Top of Records

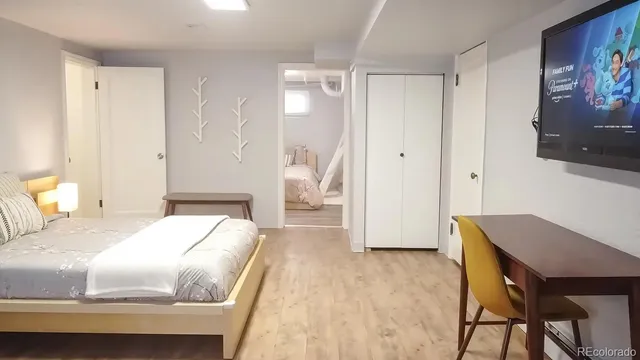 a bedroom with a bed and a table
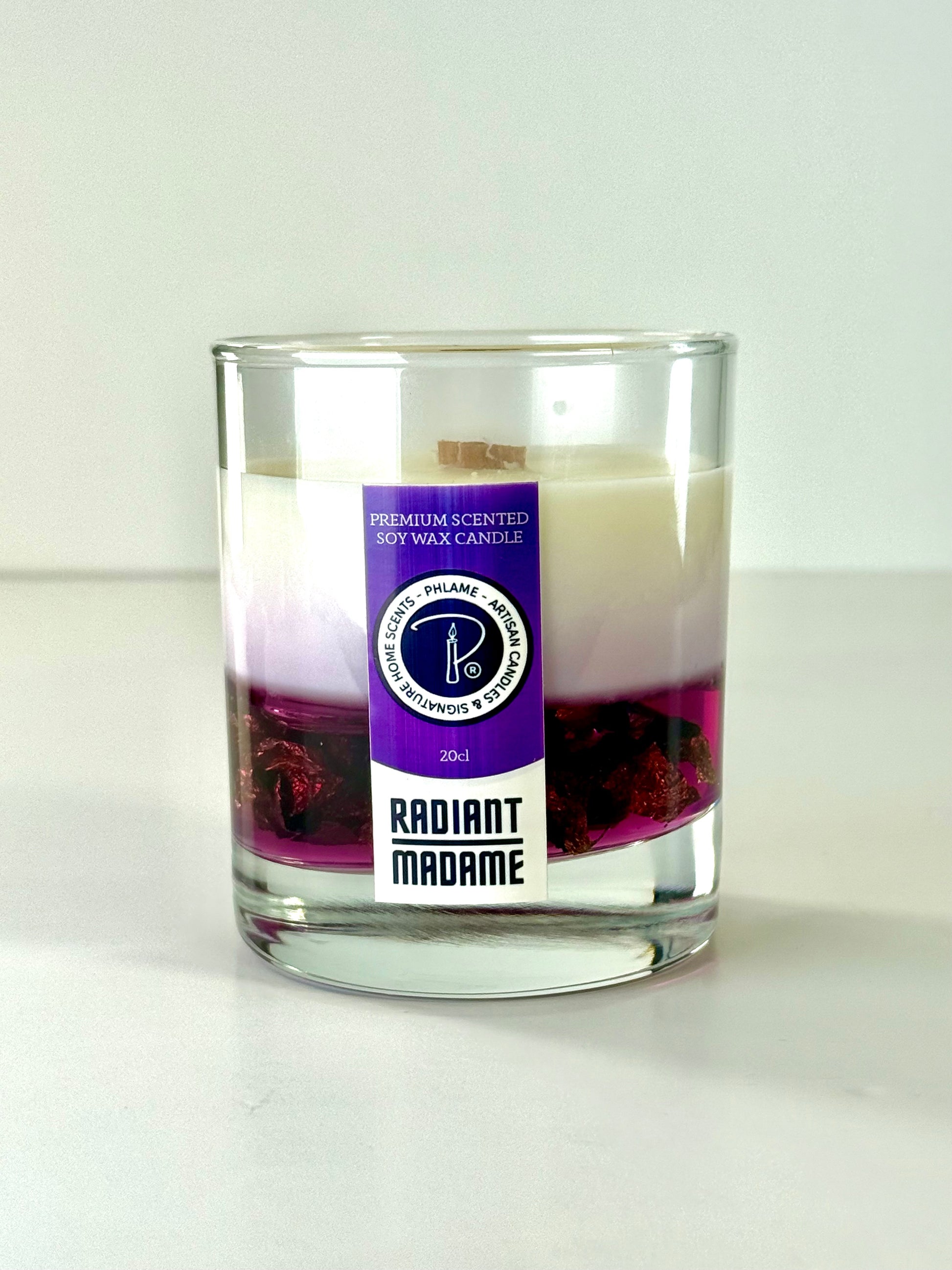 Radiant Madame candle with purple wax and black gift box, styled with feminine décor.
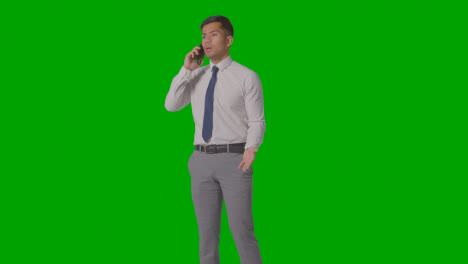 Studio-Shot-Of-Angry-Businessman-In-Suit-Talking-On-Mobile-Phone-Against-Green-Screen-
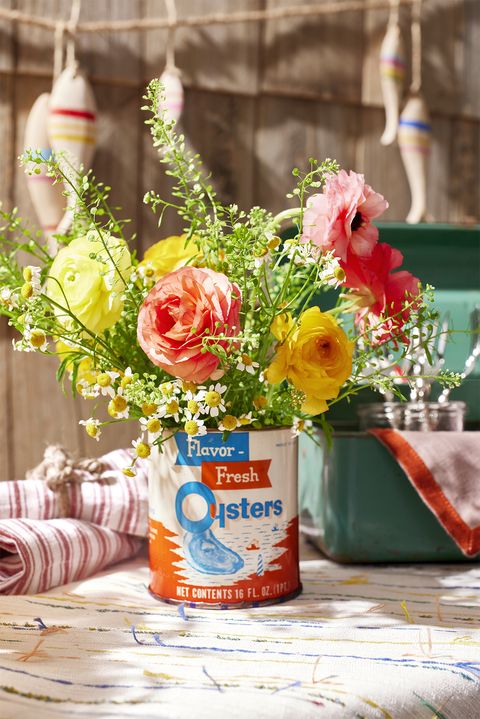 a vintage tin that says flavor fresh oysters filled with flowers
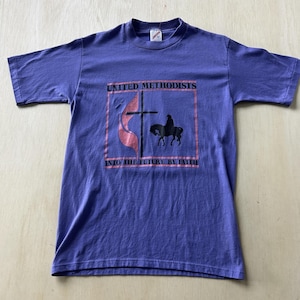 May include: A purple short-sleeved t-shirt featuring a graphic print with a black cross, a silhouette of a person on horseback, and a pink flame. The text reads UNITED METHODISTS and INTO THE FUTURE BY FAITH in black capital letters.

Bottom of Records

Task requirements — Take the records above and transcribe them exactly, dropping every picture.

Written response —
 a bedroom with a bed and a table
 Radiant Madame candle with purple wax and black gift box, styled with feminine décor.
 Studio-Shot-Of-Angry-Businessman-In-Suit-Talking-On-Mobile-Phone-Against-Green-Screen-
 a vintage tin that says flavor fresh oysters filled with flowers
 May include: A purple short-sleeved t-shirt featuring a graphic print with a black cross, a silhouette of a person on horseback, and a pink flame. The text reads UNITED METHODISTS and INTO THE FUTURE BY FAITH in black capital letters.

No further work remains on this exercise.